The Echo Chamber
700 Likes on Garbage Content Made Me Quit LinkedIn for Good
After getting 700 likes on nonsense content, I quit LinkedIn. Here's why Reddit beat LinkedIn for Free Malta's launch and where real community lives in 2026.
LINKEDIN GARBAGEAI VS. HUMANCORPORATE LIES
Most people would celebrate 700 likes on a LinkedIn post. I saw it as a red flag and deleted the app. When my Free Malta launch got ignored on LinkedIn but exploded on Reddit with 100+ upvotes, I realized something important: engagement metrics are worthless if the community is fake.
LinkedIn in 2026 is drowning in AI-generated novels, fake achievements, and sales spam. The algorithm only cares about dwell time, not quality. Meanwhile, real platforms like Reddit are where actual people give genuine feedback and support real projects.
This isn't just a rant, it's a wake-up call for entrepreneurs wasting time on vanity metrics instead of building real communities. Learn why Profile SEO matters more than posting frequency, why dwell time killed authentic content, and where you should actually focus your energy in 2026.

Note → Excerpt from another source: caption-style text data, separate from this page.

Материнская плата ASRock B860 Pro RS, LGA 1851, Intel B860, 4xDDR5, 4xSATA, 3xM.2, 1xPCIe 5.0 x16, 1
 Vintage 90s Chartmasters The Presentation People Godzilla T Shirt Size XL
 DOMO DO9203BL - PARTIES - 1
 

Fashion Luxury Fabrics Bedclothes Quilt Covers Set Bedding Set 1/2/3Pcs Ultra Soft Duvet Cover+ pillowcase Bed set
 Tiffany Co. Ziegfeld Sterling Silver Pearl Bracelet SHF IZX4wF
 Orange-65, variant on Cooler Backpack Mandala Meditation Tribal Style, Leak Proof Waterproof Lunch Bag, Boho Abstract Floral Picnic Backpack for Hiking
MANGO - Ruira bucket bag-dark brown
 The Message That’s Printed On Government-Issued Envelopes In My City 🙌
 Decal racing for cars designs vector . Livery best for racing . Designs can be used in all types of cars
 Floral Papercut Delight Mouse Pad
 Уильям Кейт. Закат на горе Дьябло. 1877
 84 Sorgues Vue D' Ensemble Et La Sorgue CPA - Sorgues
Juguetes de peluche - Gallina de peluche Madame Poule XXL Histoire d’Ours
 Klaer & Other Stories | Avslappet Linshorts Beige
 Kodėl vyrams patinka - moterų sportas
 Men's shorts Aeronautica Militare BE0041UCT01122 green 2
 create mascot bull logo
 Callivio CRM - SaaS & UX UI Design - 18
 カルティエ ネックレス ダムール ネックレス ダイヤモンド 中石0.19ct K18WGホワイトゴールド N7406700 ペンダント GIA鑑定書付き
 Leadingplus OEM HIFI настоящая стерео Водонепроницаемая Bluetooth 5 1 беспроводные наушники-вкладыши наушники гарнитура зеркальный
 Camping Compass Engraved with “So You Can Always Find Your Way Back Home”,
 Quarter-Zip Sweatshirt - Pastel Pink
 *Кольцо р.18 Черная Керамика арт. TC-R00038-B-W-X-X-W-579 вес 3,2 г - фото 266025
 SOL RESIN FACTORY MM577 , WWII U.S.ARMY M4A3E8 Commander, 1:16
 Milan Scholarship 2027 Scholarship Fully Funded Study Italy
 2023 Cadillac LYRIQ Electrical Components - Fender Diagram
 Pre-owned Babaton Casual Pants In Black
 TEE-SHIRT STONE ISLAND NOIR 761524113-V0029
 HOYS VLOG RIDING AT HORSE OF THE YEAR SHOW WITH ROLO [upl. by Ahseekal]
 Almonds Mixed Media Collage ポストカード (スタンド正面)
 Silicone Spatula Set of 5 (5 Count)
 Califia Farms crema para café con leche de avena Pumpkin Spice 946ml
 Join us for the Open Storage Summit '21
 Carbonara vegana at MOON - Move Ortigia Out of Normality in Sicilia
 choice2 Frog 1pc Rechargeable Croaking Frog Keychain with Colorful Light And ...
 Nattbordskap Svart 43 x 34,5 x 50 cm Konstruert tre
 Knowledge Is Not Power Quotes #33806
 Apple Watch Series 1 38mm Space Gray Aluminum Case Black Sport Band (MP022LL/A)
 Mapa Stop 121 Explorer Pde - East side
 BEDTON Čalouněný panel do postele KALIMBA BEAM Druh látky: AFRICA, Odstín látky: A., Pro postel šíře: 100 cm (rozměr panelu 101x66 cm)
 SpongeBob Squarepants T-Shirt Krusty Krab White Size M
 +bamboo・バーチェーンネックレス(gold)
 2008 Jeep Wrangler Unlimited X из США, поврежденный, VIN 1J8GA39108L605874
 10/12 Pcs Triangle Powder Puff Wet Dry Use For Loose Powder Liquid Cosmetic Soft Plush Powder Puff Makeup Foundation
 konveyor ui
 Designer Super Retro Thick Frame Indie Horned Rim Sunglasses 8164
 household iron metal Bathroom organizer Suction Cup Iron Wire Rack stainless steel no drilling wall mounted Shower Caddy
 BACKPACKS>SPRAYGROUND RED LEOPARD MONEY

Why I'm Ditching LinkedIn and Where You Can Actually Find Free Malta
I haven't posted anything on LinkedIn for two weeks, and honestly, I probably won't for a while. Why? Because LinkedIn is turning into a dumpster fire. No valuable content anymore; just ass-kissing, fake drama, and people patting themselves on the back.
I've been thinking about quitting LinkedIn for a while, but my last post sealed the deal. It was probably one of the most nonsensical things I've ever shared, and it got nearly 700 likes. That's when I knew: I'm done with this circus. People don't care about quality. Why waste my energy?
Here's the kicker: most people in my situation would double down after getting 700 likes. They'd post more, brag about it, turn it into their entire personality. But me? I saw it as a massive red flag. If garbage content gets that much attention, this platform has nothing left to offer me.
You send 100 messages and maybe 5 people reply. And why? Because everyone's inbox is flooded with trash sales pitches. People are exhausted. I deleted the app from my phone, and it was one of the best decisions I've made. Now I only check it 5-10 minutes a day to see if there's an actual message worth reading.
LinkedIn doesn't care about how valuable your content is anymore. Almost everything is AI-generated. People write novels about themselves, constantly selling their "achievements" and most of it is lies. LinkedIn only cares about one thing: dwell time. How long you stare at the screen.
I cancelled all my subscriptions because it's just not worth it. When I launched Free Malta on LinkedIn, barely anyone noticed. But when I shared it on Reddit? Over 100 upvotes, tons of comments, and DMs. Why? Because Reddit is a real platform with real people. It's an amazing place to get genuine feedback.
The New Currency: Dwell Time and Fake Engagement
In 2026, a "Like" is a vanity metric—basically worthless. The new gold standard is Dwell Time: how long users spend consuming your content. The algorithm now prioritizes quality-focused, multi-format content like strategic carousels and deep-dive videos over text-heavy rants.
But here's the catch: you can't automate soul. Meaningful comments and prompt engagement after posting are now the deciding factors for reach. If you're not actually talking to your community, the algorithm won't show your content to them.
Your Profile Isn't a CV; It's a Search Engine
One of the biggest shifts in 2026 is the move toward Profile SEO. Your LinkedIn profile isn't a static resume anymore; it's your most powerful landing page.
2026 is about being findable. Optimizing your headline, about section, and experience with strategic keywords isn't optional—it's the foundation of your digital presence.
Don't just list what you did; demonstrate your expertise through the "Featured" section with real-world reports and case studies.